Our most recent addition was Mr. Moon, and like what Danblu3 did, he was helping in the community with passion. As we did with Dan, we offered him to be part of the team since his help alongside the Dan help was so valuable for us since we couldn’t manage developing RomM and also providing the support demands from the users.
Moonraka:
Danblu3 basically kidnapped me from the discord and I woke up a team member. Actually I just found passion in learning docker, Linux and helping others in the support section. It helped my own skills and made friends with the team! (Leaving them to do their job of development)
How did each of you first get into retro gaming or emulation—was there a particular game or system that started it all?
Zurdi:
I can’t even remember when I started emulating. I am 32 years old and for me retrogaming is just play some games guided by nostalgia. I think the first emulation software I tried was a game boy advance emulator in 2005.
danblu3:
I think I was kind of lucky to get into retro gaming, I always have fond memories of my SNES when I was little and from there my love for gaming went from PS1 and onwards, when I was younger I had the gameboys, the GBA etc. So all of those retro consoles have been solidified in my memories and bring back fond memories. Also, there were SO many games around that time I could only afford the one or two, so having access to emulators and so forth let me live what childhood I might have missed.
Moonraka:
Sega was my first home console I remember having as a child. I also got to experience Sega Channel (basically game pass before it’s time). Played emulators and handhelds growing up.
Looking back on that it feels like RomM fills in that childhood nostalgia from that experience of streaming games or downloading them to your system.

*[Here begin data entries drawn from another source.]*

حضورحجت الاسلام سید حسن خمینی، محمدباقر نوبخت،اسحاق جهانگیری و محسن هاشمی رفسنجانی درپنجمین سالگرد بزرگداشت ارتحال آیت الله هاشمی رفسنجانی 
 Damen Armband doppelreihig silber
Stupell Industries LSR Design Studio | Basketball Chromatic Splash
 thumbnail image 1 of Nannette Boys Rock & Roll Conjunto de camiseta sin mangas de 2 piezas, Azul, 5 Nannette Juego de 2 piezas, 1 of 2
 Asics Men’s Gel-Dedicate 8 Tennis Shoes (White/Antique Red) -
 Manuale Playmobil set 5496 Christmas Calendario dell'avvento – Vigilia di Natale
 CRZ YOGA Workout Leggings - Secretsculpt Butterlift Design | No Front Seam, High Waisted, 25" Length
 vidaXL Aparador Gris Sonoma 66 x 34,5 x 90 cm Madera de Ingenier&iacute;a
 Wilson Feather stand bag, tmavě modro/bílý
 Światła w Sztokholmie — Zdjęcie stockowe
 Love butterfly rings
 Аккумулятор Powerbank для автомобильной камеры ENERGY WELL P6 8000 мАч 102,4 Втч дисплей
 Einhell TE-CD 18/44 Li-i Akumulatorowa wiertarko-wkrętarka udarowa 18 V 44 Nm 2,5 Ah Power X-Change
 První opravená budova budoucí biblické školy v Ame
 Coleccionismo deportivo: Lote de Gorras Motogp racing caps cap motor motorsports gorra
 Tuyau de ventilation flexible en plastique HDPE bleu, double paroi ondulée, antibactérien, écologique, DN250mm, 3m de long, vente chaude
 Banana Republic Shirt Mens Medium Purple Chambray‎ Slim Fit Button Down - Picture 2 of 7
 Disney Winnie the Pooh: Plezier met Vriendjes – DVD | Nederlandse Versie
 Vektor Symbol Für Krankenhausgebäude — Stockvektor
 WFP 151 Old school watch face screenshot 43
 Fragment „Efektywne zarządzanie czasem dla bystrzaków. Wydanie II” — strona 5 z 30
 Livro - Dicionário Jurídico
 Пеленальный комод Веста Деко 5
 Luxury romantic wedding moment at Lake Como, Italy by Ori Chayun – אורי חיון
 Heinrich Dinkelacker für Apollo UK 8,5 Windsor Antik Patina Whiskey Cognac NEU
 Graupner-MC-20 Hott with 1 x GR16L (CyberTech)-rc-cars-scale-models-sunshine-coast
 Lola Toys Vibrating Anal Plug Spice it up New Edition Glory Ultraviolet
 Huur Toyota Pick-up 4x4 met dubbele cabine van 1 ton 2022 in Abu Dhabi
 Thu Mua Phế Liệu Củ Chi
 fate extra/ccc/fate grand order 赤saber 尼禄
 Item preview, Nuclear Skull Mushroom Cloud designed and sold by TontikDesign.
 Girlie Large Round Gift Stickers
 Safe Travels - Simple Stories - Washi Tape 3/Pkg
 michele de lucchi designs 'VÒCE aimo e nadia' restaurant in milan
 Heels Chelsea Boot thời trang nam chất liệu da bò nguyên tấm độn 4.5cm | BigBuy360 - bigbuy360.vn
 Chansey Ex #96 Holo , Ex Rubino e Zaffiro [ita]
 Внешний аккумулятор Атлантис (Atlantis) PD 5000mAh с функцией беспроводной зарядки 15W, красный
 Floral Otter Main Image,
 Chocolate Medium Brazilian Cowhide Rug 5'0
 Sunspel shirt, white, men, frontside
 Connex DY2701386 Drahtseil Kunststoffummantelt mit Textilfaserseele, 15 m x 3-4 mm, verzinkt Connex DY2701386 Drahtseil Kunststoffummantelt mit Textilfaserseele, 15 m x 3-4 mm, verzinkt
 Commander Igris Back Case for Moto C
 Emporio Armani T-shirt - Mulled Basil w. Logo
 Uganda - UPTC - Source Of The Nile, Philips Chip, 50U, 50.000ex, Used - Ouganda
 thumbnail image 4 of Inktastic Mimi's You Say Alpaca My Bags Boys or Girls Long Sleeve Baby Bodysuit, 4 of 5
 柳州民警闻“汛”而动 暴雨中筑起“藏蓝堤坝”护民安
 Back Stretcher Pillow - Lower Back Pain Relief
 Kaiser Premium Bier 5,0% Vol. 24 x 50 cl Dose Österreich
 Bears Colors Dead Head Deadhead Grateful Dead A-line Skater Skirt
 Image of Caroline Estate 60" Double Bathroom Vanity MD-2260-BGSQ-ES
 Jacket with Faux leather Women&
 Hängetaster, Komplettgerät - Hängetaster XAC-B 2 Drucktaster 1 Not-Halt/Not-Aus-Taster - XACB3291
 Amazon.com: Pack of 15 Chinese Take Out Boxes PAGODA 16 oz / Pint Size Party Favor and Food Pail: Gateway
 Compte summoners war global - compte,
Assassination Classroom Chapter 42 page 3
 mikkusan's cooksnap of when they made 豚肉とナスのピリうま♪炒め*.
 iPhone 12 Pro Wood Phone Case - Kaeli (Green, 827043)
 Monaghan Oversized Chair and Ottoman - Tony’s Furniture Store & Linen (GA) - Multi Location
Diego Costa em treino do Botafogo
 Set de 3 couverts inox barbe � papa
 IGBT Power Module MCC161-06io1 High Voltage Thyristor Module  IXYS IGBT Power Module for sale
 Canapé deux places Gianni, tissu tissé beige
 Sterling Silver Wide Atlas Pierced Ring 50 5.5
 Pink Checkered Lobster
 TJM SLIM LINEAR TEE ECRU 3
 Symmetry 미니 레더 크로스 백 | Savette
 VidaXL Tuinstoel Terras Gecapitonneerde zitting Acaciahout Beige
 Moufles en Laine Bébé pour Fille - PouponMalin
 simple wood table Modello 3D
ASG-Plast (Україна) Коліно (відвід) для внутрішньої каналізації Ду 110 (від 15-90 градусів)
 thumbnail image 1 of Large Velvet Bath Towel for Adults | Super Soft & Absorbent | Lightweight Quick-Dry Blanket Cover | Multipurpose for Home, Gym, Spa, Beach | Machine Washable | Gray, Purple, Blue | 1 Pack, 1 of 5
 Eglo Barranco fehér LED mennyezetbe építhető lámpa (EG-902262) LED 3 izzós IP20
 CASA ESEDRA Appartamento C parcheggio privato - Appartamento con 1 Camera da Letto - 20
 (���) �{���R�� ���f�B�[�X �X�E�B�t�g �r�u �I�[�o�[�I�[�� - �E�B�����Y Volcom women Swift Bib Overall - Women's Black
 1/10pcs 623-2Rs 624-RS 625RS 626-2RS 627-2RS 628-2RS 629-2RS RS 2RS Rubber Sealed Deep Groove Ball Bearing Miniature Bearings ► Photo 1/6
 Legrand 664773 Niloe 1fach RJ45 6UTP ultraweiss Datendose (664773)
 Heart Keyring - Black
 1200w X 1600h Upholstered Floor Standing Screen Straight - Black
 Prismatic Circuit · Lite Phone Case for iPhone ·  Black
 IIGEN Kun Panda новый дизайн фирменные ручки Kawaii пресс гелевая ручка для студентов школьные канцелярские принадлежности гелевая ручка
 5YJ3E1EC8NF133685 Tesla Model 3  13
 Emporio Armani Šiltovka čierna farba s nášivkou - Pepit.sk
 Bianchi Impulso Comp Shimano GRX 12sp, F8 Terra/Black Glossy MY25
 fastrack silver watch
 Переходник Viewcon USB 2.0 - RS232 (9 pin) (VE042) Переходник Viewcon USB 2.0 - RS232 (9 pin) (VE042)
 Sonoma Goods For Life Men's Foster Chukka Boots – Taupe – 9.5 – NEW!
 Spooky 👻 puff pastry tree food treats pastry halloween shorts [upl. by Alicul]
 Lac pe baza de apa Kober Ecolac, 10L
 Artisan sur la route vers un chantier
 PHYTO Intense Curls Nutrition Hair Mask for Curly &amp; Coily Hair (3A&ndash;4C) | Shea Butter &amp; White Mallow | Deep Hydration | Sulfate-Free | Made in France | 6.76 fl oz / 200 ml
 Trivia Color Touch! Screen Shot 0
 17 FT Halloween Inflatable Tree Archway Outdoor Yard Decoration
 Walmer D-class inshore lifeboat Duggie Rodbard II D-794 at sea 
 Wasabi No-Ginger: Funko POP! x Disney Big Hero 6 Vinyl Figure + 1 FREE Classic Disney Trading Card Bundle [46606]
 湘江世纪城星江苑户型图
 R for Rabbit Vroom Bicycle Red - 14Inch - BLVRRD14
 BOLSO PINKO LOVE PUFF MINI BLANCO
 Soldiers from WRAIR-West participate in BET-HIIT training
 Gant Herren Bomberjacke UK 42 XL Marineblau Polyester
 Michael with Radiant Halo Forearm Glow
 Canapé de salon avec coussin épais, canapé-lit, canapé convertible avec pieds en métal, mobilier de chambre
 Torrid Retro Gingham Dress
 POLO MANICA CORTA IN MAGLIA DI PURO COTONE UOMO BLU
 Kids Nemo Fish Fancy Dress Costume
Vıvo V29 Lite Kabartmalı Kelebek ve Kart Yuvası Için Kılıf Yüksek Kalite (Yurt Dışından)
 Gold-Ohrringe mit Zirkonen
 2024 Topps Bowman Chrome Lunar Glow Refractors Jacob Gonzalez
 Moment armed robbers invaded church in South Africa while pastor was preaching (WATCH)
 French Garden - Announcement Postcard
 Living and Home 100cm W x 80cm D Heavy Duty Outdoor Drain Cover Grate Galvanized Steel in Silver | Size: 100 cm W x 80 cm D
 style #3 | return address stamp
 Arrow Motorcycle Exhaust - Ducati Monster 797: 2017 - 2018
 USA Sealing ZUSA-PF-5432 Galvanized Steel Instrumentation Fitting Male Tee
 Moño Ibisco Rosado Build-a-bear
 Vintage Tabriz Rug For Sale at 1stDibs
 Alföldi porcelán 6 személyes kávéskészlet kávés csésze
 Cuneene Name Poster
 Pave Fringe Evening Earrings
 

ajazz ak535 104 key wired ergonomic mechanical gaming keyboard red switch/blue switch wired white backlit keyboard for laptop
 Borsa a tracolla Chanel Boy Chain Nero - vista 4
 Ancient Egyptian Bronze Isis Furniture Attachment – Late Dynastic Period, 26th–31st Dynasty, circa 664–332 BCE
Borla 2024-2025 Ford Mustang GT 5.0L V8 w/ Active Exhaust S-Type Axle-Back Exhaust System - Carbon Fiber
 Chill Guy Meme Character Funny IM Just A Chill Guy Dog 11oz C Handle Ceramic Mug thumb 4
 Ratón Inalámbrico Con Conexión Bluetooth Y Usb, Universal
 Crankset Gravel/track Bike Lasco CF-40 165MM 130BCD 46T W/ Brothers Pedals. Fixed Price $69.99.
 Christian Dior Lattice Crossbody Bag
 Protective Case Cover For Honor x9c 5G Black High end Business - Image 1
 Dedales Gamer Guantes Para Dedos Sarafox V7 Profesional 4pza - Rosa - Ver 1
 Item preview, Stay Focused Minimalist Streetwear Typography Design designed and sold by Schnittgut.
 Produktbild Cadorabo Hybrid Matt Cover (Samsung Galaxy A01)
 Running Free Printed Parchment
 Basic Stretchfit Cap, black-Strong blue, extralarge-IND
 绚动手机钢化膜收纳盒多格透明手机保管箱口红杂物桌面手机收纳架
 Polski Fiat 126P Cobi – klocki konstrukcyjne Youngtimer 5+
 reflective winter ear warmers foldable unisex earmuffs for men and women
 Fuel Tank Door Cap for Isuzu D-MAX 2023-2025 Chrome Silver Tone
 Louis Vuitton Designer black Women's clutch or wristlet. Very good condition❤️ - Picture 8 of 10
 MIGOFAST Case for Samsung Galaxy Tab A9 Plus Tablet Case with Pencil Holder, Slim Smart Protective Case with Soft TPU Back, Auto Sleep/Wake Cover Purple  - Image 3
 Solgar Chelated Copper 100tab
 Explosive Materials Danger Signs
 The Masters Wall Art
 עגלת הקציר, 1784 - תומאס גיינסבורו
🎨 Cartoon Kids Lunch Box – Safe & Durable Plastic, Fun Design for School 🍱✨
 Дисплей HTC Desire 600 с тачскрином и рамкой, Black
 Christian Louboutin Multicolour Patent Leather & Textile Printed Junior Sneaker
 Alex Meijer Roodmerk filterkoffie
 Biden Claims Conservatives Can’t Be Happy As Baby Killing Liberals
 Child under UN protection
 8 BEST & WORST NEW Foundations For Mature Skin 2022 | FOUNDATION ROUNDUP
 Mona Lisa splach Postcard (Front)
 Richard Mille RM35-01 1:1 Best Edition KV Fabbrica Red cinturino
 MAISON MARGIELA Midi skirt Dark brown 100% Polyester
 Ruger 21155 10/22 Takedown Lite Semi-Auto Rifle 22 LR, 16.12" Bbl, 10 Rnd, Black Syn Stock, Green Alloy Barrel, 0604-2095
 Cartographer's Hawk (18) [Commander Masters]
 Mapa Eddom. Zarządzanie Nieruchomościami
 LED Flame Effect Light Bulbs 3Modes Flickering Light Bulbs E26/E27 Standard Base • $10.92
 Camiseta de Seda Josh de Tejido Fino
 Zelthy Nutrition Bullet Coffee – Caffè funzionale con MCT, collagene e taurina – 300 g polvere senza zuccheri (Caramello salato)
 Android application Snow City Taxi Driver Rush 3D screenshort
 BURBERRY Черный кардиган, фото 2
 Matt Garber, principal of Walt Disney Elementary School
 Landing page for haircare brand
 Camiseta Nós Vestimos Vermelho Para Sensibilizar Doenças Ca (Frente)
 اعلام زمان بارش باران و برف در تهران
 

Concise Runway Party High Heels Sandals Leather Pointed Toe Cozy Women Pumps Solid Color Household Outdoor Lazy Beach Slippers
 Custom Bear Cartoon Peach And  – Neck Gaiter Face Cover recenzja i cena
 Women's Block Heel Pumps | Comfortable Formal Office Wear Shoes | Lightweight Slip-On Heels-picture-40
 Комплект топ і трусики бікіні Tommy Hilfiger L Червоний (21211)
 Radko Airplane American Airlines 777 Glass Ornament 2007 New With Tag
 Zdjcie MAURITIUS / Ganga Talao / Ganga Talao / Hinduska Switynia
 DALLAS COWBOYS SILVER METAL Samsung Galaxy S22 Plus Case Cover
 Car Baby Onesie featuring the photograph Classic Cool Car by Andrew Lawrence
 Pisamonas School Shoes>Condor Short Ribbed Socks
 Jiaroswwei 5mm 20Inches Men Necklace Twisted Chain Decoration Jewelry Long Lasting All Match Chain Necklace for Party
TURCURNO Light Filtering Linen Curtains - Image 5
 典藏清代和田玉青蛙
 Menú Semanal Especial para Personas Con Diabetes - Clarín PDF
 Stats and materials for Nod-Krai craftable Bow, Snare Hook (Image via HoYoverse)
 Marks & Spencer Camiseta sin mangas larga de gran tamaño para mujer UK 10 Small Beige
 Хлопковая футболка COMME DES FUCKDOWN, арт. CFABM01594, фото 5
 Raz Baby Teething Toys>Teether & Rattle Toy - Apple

Before RomM, had you worked on any other open-source or tech projects together (or individually)?
Zurdi:
I am a software engineer (MLOps specifically) irl, so not in a open-source project but I have an extense carrer inside tech projects.
Moonraka:
No my first time being on a team or project.
danblu3:
I have dabbled in the retro community before with a project called “Core Type R” I believe the project is shut down or on hiatus but that was fun and my first experience being apart of the project over the internet kind of thing.
2. The Birth of RomM:
Was it a pre-existing problem or gap in the retro gaming/emulation world which inspired RomM? You have a rather unique outlook at retro gaming – a self-hosted web application to organize and play old games. I can think of only a couple others which use similar methods. What made you choose this way for RomM?
Zurdi:
I started to developing RomM because after some years self-hosting, the only true alternativewas gameyfin, there was also called catridge (but I think it was an abandonware, not even in a ready-to-use state) and since I only had a raspi 4B, I couldn’t self host it because it only had support for x86 architectures, so after some time without seeing progress from the gameyfin side to support it, I decided to start my own solution. There also was a kind of a frontend for emulatorjs but I am a lover of aesthetics and design, and that frontend was really ugly.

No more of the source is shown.